We have a different question in our case, and that is whether the officer's reliance on section 21954, subdivision (a), was anything more than an impermissible ruse to stop and search Ramirez. We see only a subterfuge, and no legal basis for the stop.

For purposes of the Fourth Amendment, Ramirez's detention was proper only if the officer in fact had a reasonable and articulable suspicion that Ramirez was a "pedestrian upon a roadway at a point other than within a marked crosswalk or within an unmarked crosswalk at an intersection [and did not] yield the right-of-way to all vehicles upon the roadway so near as to constitute an immediate hazard." (§ 21954, subd. (a); Wilson v. Superior Court (1983) 34 Cal.3d 777, 784 [ 195 Cal.Rptr. 671, 670 P.2d 325]; Florida v. Royer (1983) 460 U.S. 491, 498-499 [ 75 L.Ed.2d 229, 103 S.Ct. 1319].) "Reasonable suspicion" requires specific, articulable facts which, together with objective and reasonable inferences, form a basis for suspecting that Ramirez was engaged in criminal conduct. ( U.S. v. Twilley (9th Cir. 2000) 222 F.3d 1092, 1095.)

What did the officer see? A man crossing an intersection diagonally who was already three-quarters of the way from one side of the street to the other. There was no crosswalk, but the intersection was controlled by four-way stop signs, and the only visible vehicle was the officer's patrol car, which not even the officer suggested posed an "immediate hazard" to either Ramirez or the officer or his vehicle or anyone else. In short, there was no violation of section 21954, subdivision (a), and there is no way that the officer could have believed there was a violation.

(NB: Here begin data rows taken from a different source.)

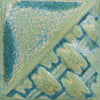 Riptide satin-matte, opaque turquoise/green glaze at Cone 6; breaks over texture, glossy where thick or pooling.
At Cone 10: Shifts to gray with white/turquoise pixelization, glaze remains stable. Amaranth Stoneware Canada.
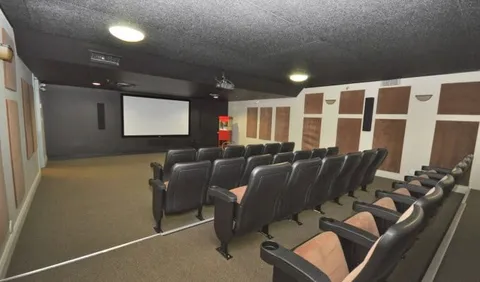 Rows of black cinema chairs facing a white projection screen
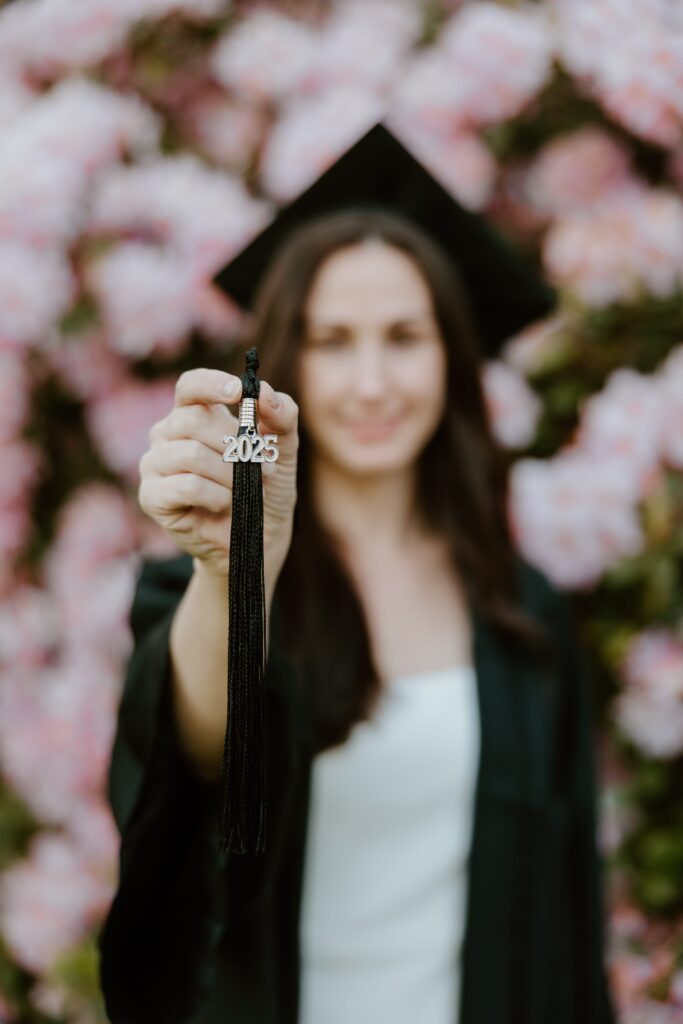 Close-up of a black 2025 graduation tassel held by a student in cap and gown, with pink spring flowers softly blurred in the background at Vassar College.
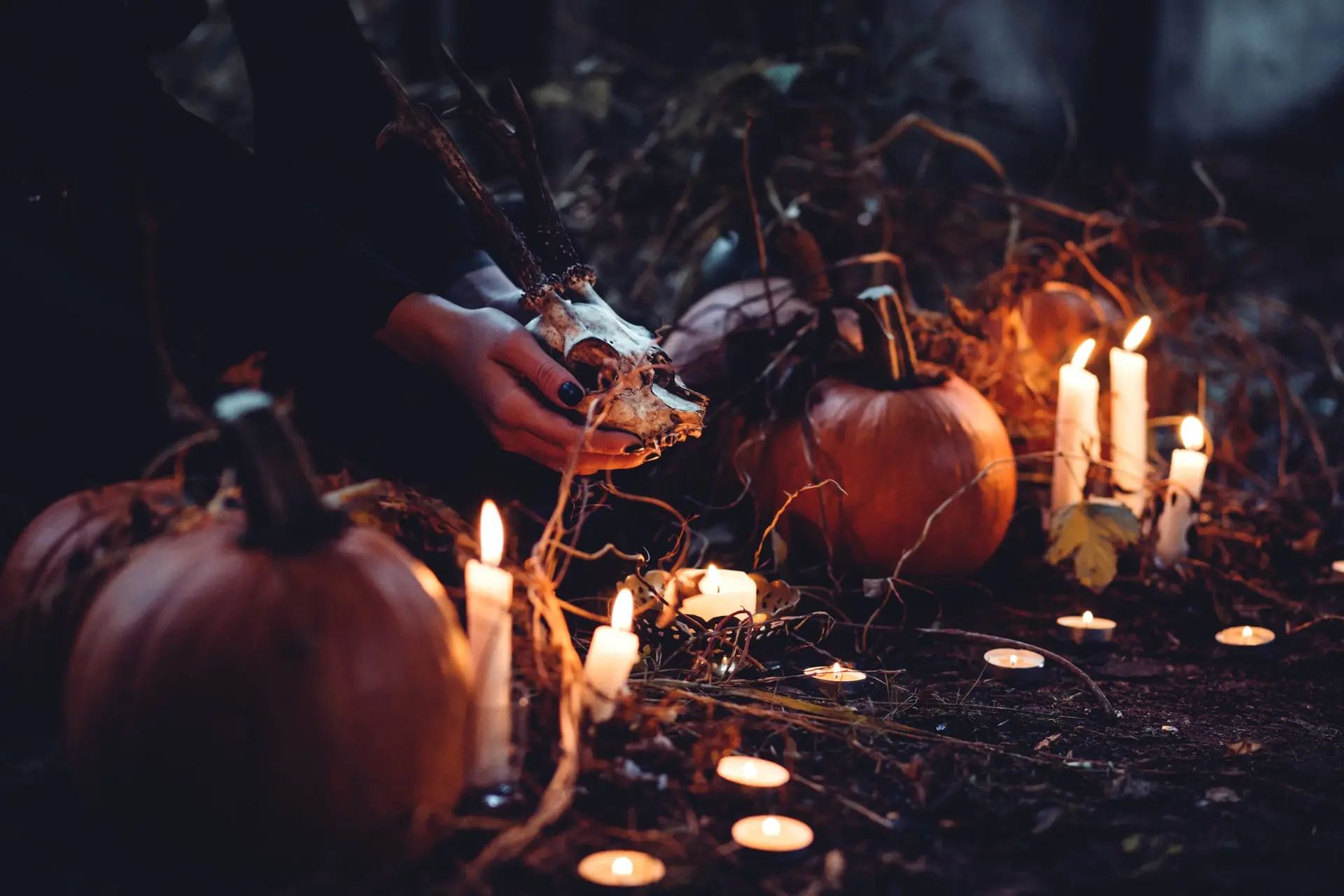 Person decorating pumpkins and candles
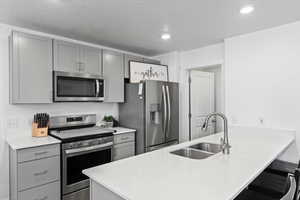 Kitchen with gray cabinets, sink, stainless steel appliances, and kitchen peninsula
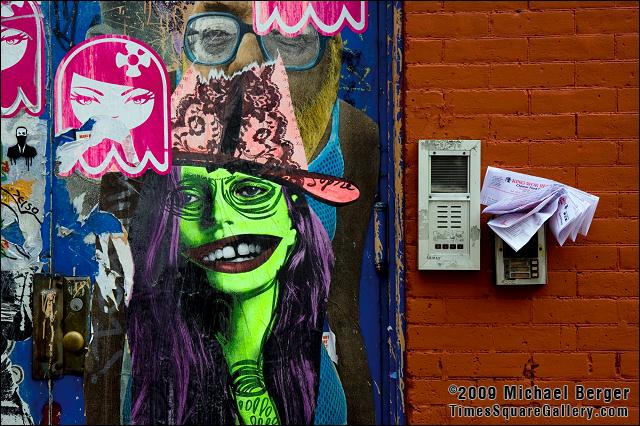 Door bell, door with posters, Crosby Street, NYC. 2008.
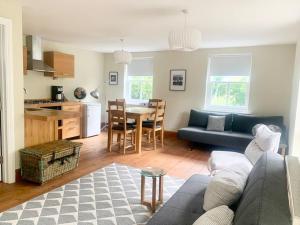 a living room with a couch and a table and a kitchen at Delightful Ely house Bright and warm with cathedral view in Ely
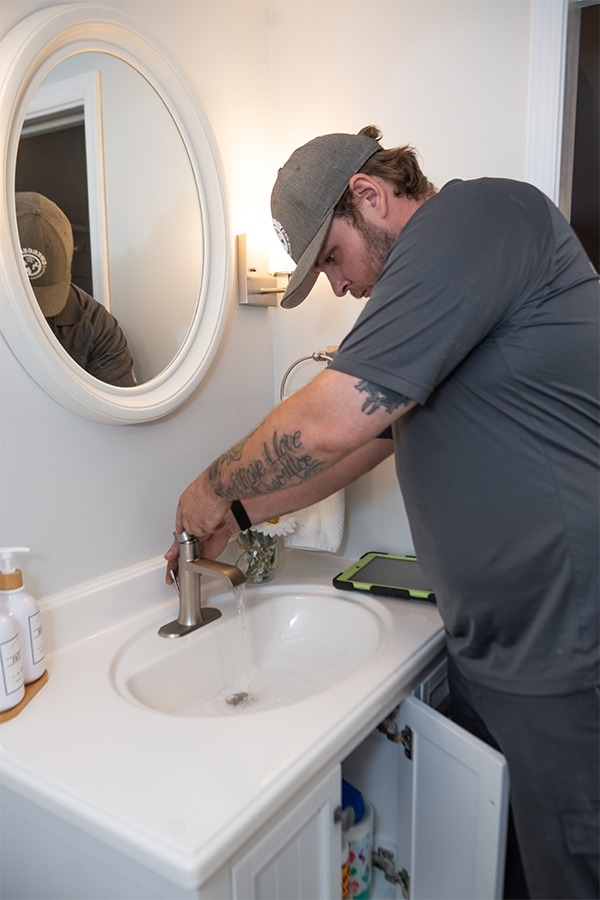 A plumber is shown fixing a faucet, possibly indicating leak repair services.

We dismiss as wishful thinking the Attorney General's erroneous assertion that Ramirez crossed "directly in front of an oncoming vehicle," failed to yield the right-of-way, and created "an immediate hazard" — because the record shows just the opposite. The officer himself testified that he was approaching the intersection (and therefore the stop sign) when he first saw Ramirez crossing diagonally toward the patrol car, and that Ramirez then turned around and went back the other way. There were no other cars driving on the street, and the officer testified that Ramirez was "not impeding" his way. If anyone was "impeding" anyone else, it was the officer — who pulled his patrol car into the intersection and stopped to talk to Ramirez. It follows, then, that we also reject the Attorney General's reliance on People v. Allen (1980) 109 Cal.App.3d 981, 985-986 [ 167 Cal.Rptr. 502], which permits detention when a lawfully stopped suspect attempts to flee, thus delaying performance of the officer's "official duty." Because there was no legal basis for the initial stop, Allen is inapposite. Finally, we reject the Attorney General's suggestion that the search was lawful because the stop was made in good faith — because a suspicion founded on a mistake of law cannot constitute the reasonable basis required for a lawful traffic stop. ( People v. White (2003) 107 Cal.App.4th 636, 643-644 [ 132 Cal.Rptr.2d 371]; In re Justin K. (2002) 98 Cal.App.4th 695, 699-700 [ 120 Cal.Rptr.2d 546]; People v. McNeil, supra, 96 Cal.App.4th at pp. 1307-1309.)

It follows that Ramirez's motion to suppress should have been granted and that he must be allowed to withdraw his no contest plea. Aside from the fact that the error is by its nature prejudicial, the concept of harmless error is irrelevant where, as here, a defendant pleads guilty or no contest after the erroneous denial of his suppression motion. ( People v. Ruggles (1985) 39 Cal.3d 1, 13 [ 216 Cal.Rptr. 88, 702 P.2d 170]; People v. Hill (1974) 12 Cal.3d 731, 767-769 [ 117 Cal.Rptr. 393, 528 P.2d 1], overruled on another point in People v. DeVaughn (1977) 18 Cal.3d 889, 896, fn. 5 [ 135 Cal.Rptr. 786, 558 P.2d 872]; People v. Holmsen (1985) 173 Cal.App.3d 1045, 1049 [ 219 Cal.Rptr. 598].)


The judgment is reversed and the cause is remanded with directions to the trial court (1) to vacate its order denying Ramirez's suppression motion and enter a new order granting the motion; (2) to permit Ramirez to withdraw his guilty plea; (3) to determine whether the People intend to retry the case; and (4) to make such other orders as are necessary and appropriate.

Spencer, P. J., and Rothschild, J., concurred.

A petition for a rehearing was denied July 19, 2006.